Exercise requirements: Exactly as they stand, copy the lines from the one containing "A captivating portrait" to the final line of the data; leave out the pictures.

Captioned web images
::::::::::

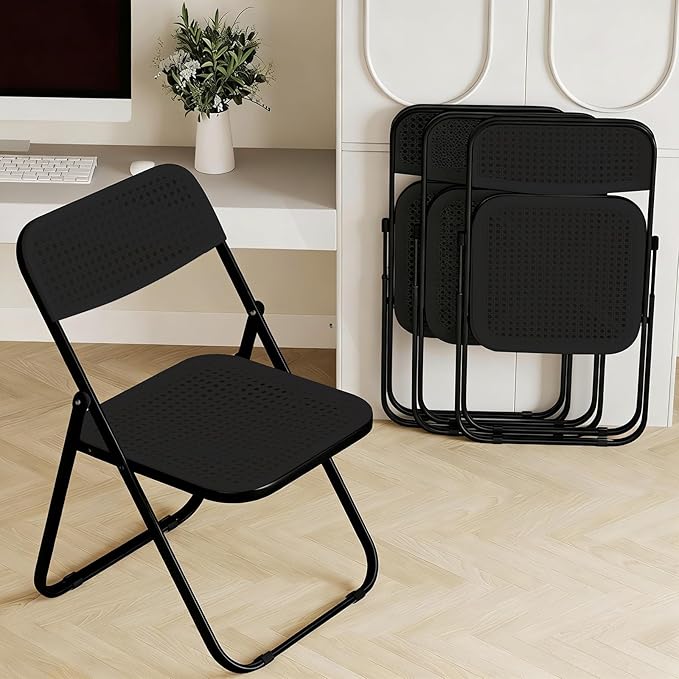 Folding Chairs, 300lb Capacity Steel Frame, Foldable for Indoor Outdoor Party,4-Pack,Black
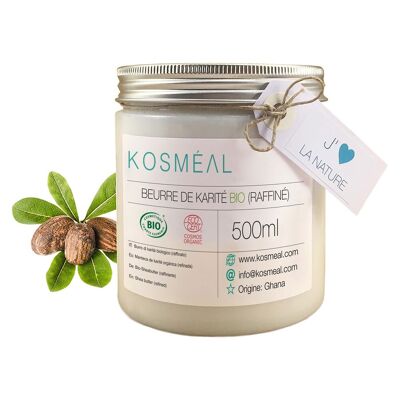 Beurre de Karité BIO raffiné 500ml | Certifié COSMÉ BIO et ECOCERT | Sans odeur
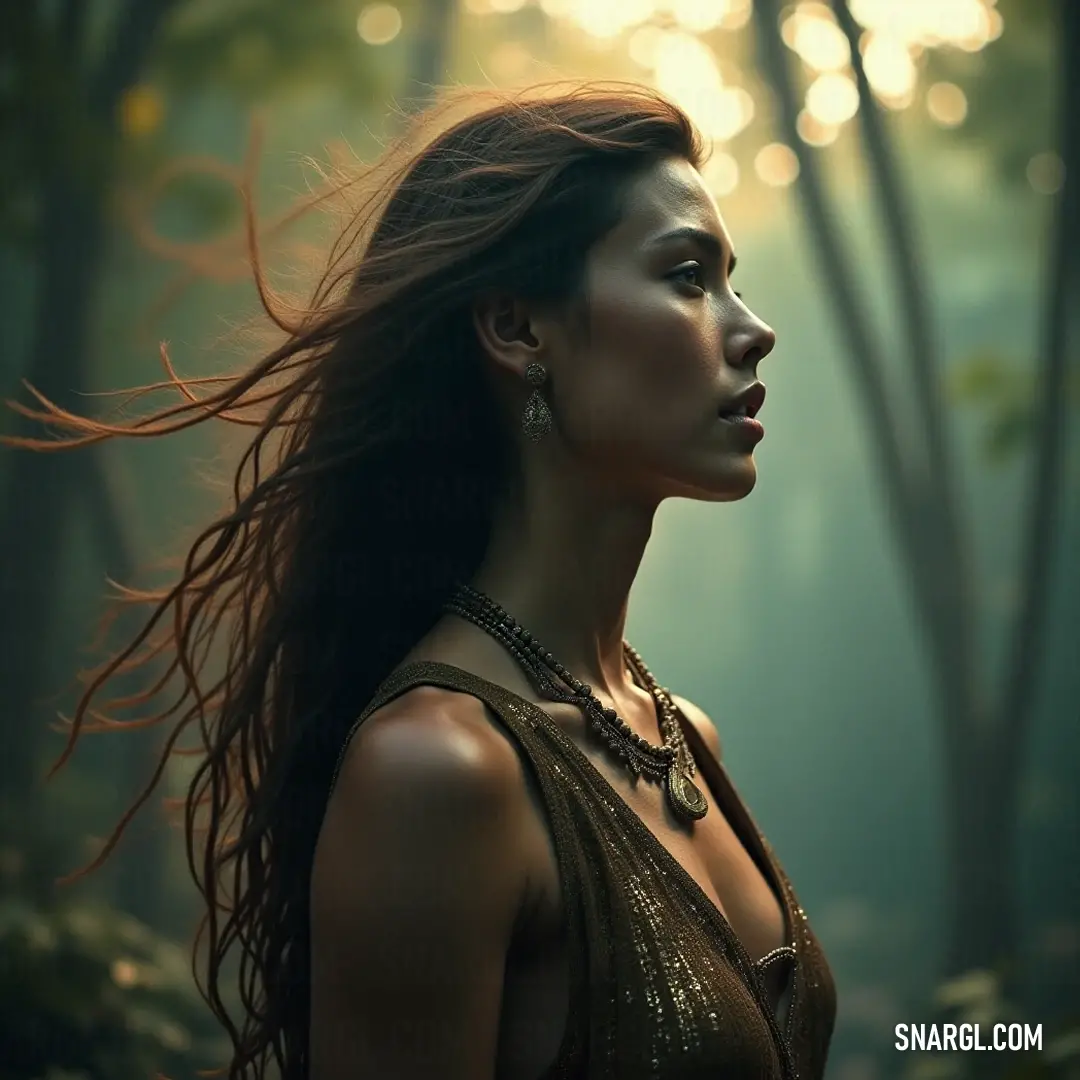 A captivating portrait of Karuna, with flowing long hair, gracefully poised among towering trees in an enchanting forest, where sunlight filters through the leaves, creating a magical atmosphere.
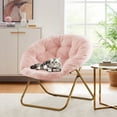 thumbnail image 1 of Beddle Saucer Chair for Adults Faux Fur Folding Bedroom Chairs,Pink, 1 of 8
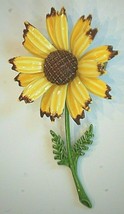 Vintage Enamel Yellow Daisy Brown Tips Brooch Pin Costume Jewelry Retro box d - £10.36 GBP
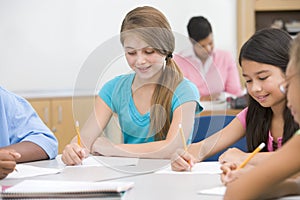 Elementary school pupils in classroom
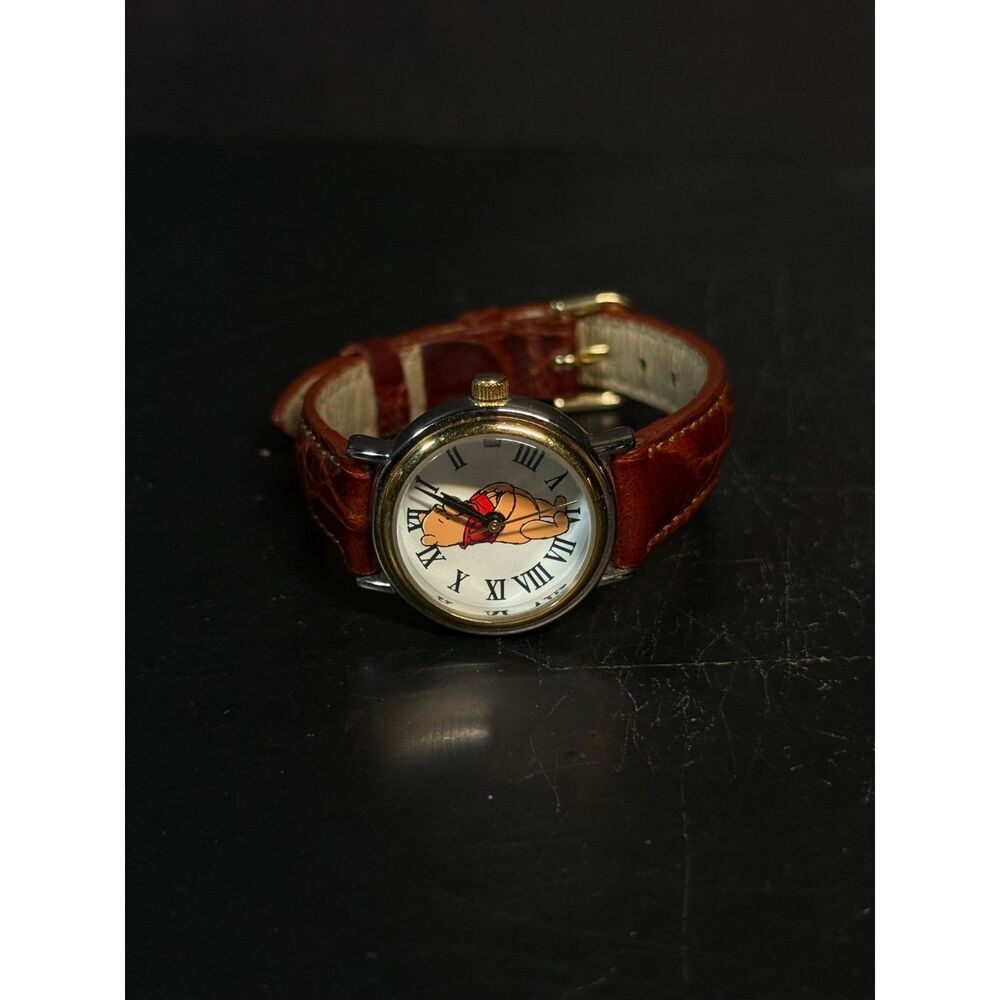Vintage Timex Disney Winnie the Pooh Quartz Watch Leather 8"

::::::::::

Task solution:
 A captivating portrait of Karuna, with flowing long hair, gracefully poised among towering trees in an enchanting forest, where sunlight filters through the leaves, creating a magical atmosphere.
 thumbnail image 1 of Beddle Saucer Chair for Adults Faux Fur Folding Bedroom Chairs,Pink, 1 of 8
 Vintage Enamel Yellow Daisy Brown Tips Brooch Pin Costume Jewelry Retro box d - £10.36 GBP
 Elementary school pupils in classroom
Vintage Timex Disney Winnie the Pooh Quartz Watch Leather 8"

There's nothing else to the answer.